* STORED DATA:
+++
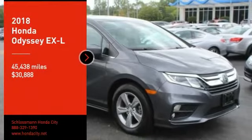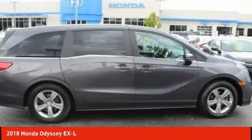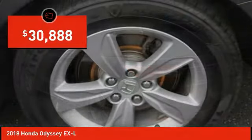Come test drive the 2018 Odyssey. The Honda Odyssey is a showcase of distinguished style, captivating technology, and advanced safety features. A must for all families and is priced below $35,000.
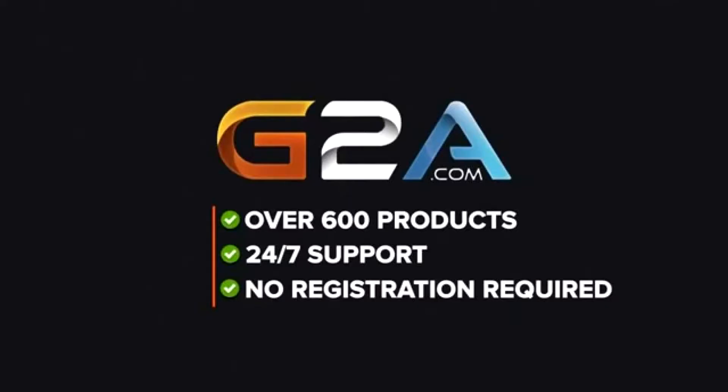If you're looking for more cool things, maybe you should check out G2A — they've got awesome deals on Steam games, Xbox Live memberships, and much more. Go ahead and check them out using the link in the description below.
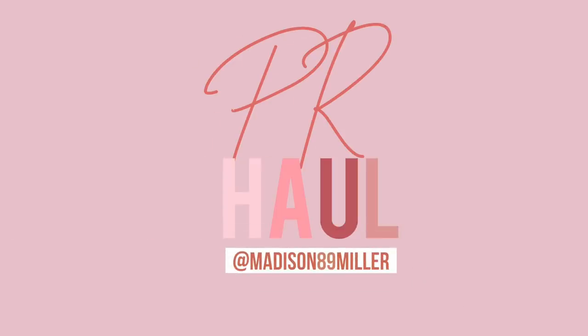Hey guys, today's video we are doing a PR haul. I'm so happy to finally be doing these again because I seriously have a mountain in my hallway right now. I only grabbed a few so the video is not too long, and then I'll keep filming until those are gone. Bigger pieces I'll show on my Instagram story — go follow me at madison89miller. Let's go ahead and unbox these packages and see what new launches are coming out.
+++
Transcribe all of the material exactly and leave out its pictures.

Come test drive the 2018 Odyssey. The Honda Odyssey is a showcase of distinguished style, captivating technology, and advanced safety features. A must for all families and is priced below $35,000.
If you're looking for more cool things, maybe you should check out G2A — they've got awesome deals on Steam games, Xbox Live memberships, and much more. Go ahead and check them out using the link in the description below.
Hey guys, today's video we are doing a PR haul. I'm so happy to finally be doing these again because I seriously have a mountain in my hallway right now. I only grabbed a few so the video is not too long, and then I'll keep filming until those are gone. Bigger pieces I'll show on my Instagram story — go follow me at madison89miller. Let's go ahead and unbox these packages and see what new launches are coming out.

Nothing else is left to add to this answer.